Exercise description:
Could you output the entries that follow exactly, omitting any pictures they contain?

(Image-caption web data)
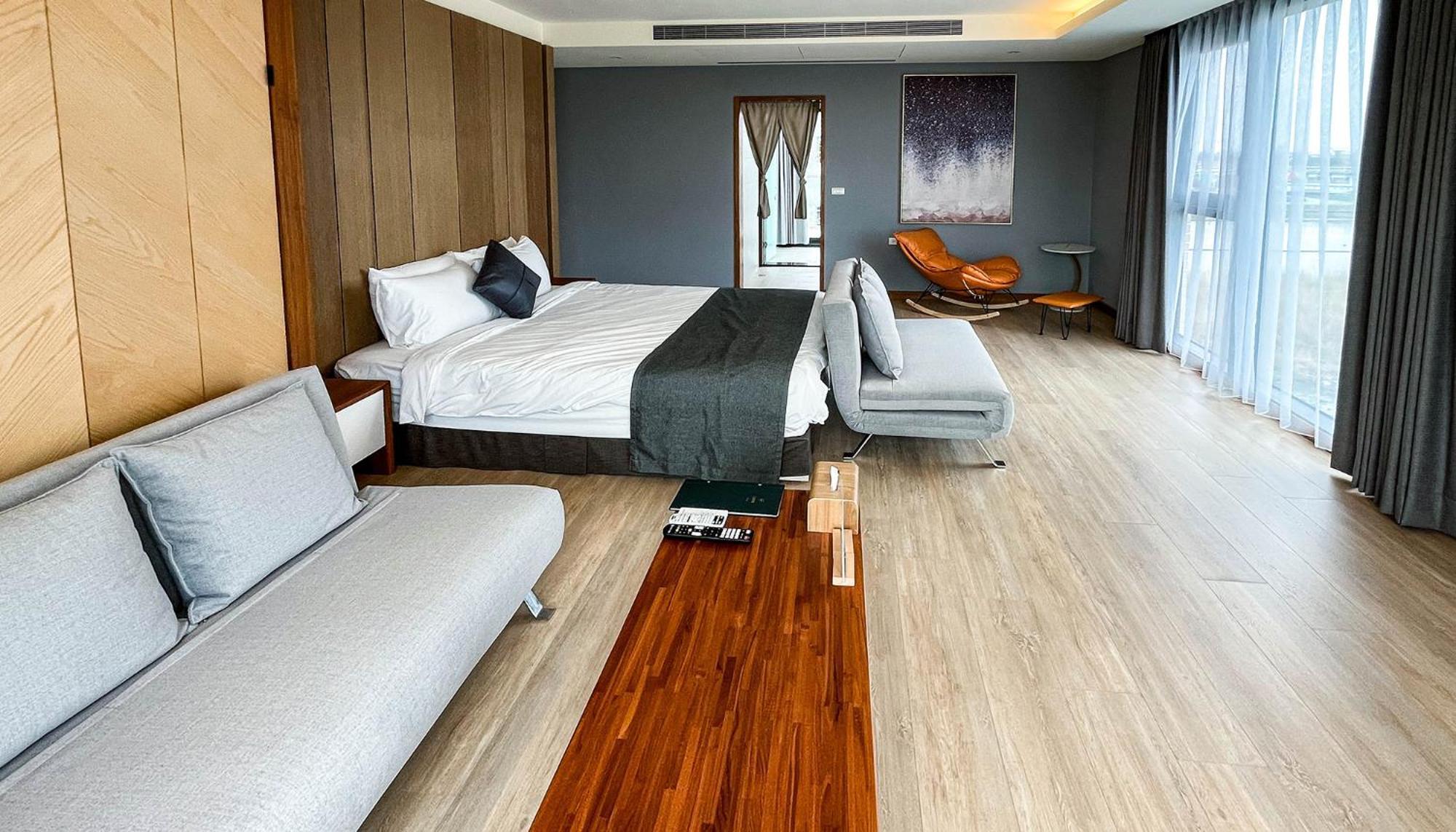 Villa Loherb Dongshan  Eksteriør bilde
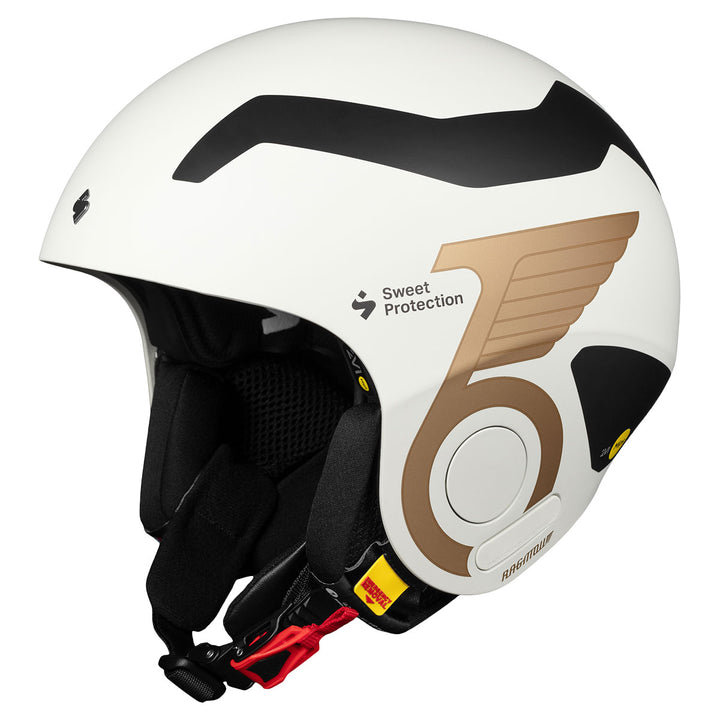 2025 Sweet Protection Volata MIPS FIS X Helmet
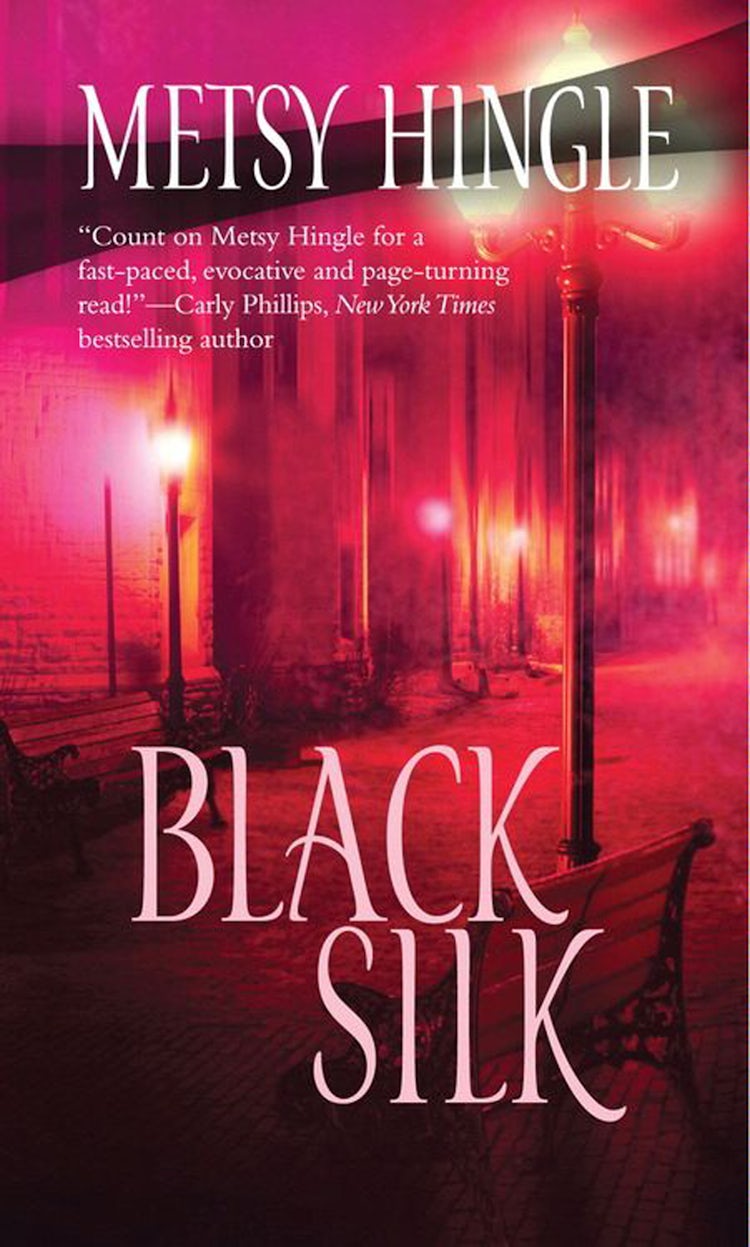 Cover image for Black Silk, isbn: 9781743697283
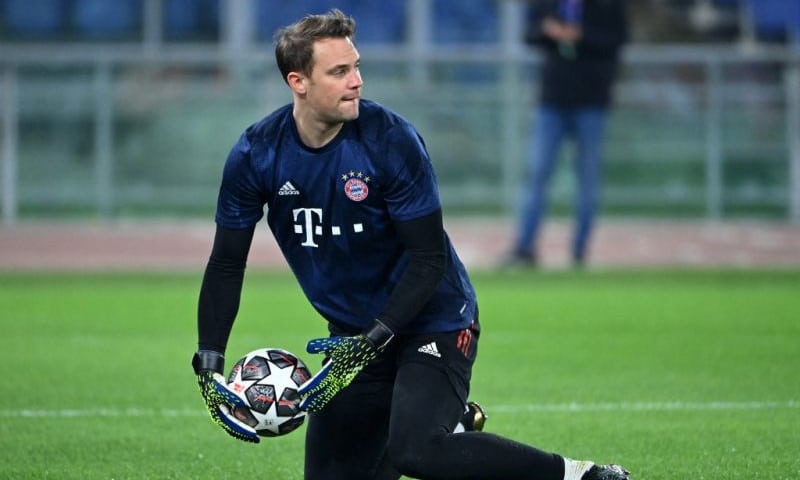 Siap Balikkan Keadaan Ketika Jumpa Villarreal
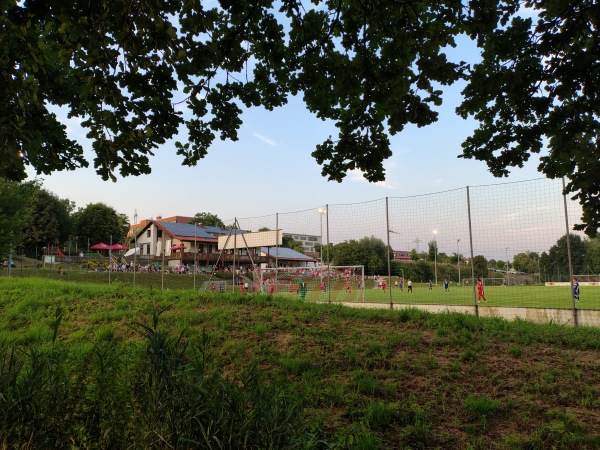 Sportanlage Mainburg - Mainburg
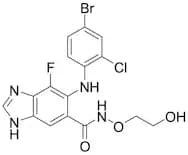 N-Desmethyl selumetinib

Output of the exercise:
 Villa Loherb Dongshan  Eksteriør bilde
 2025 Sweet Protection Volata MIPS FIS X Helmet
 Cover image for Black Silk, isbn: 9781743697283
 Siap Balikkan Keadaan Ketika Jumpa Villarreal
 Sportanlage Mainburg - Mainburg
 N-Desmethyl selumetinib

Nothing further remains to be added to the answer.